In the last four decades, Professor Dr. Hans Lehrach has been one of the greatest pioneers and leading international personalities in functional and structural genome analysis research. In particular, his scientific activities and visions have contributed to accelerating the research approaches to these disciplines, especially in Germany.

In 1978, as group leader at European Molecular Biology Laboratory in Heidelberg, Professor Dr. Lehrach contributed to develop positional cloning strategies and the first phage vectors and yeast artificial chromosomes for genomic libraries cloning. In 1987, as head of the Genome Analysis department at the Imperial Cancer Research Fund (ICRF) in London, he succeeded to map Chorea Huntington’s disease gene on chromosome 4. At ICRF, he designed and constructed the first picking and spotting array robots and implemented hybridization fingerprinting technology for genome mapping and sequencing. In 1994, he was selected to join the Max-Planck Society in Germany as Director of the Institute for Molecular Genetics in Berlin-Dahlem. During this time, he participated in the International Human Genome Sequencing Consortium finalizing the sequencing of chromosome 8 and 21. Professor Dr. Lehrach is also co-founder of several successful biotech companies in Germany.
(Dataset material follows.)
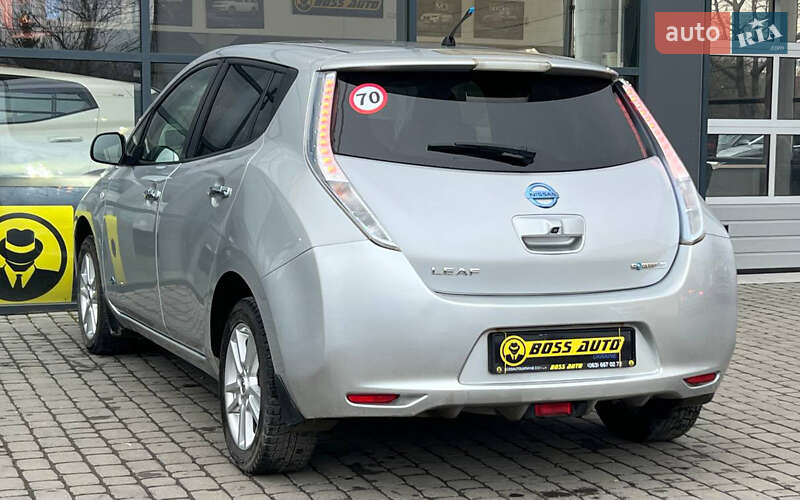 Хетчбек Nissan Leaf 2013 в Івано-Франківську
He is currently using MGI DNBSEQ™ technology to help move the approach of clinical DNA sequencing applications from whole exome to whole genome sequencing in cancer and other pathologies. Danilo Tait, Business Development Director for MGI Europe, recently conducted an interview with Professor Dr. Lehrach.

DT: 25 years have passed since I joined your team as a PhD student at the Imperial Cancer Research Fund at Lincolns in Field, in London. Many of the researchers working there - including Rade Drmanac, MGI chief scientific officer who invented our sequencing technology - have now become key opinion leaders in genomics and are managing important research centers and core facilities. How much did the approach to genomics change since then?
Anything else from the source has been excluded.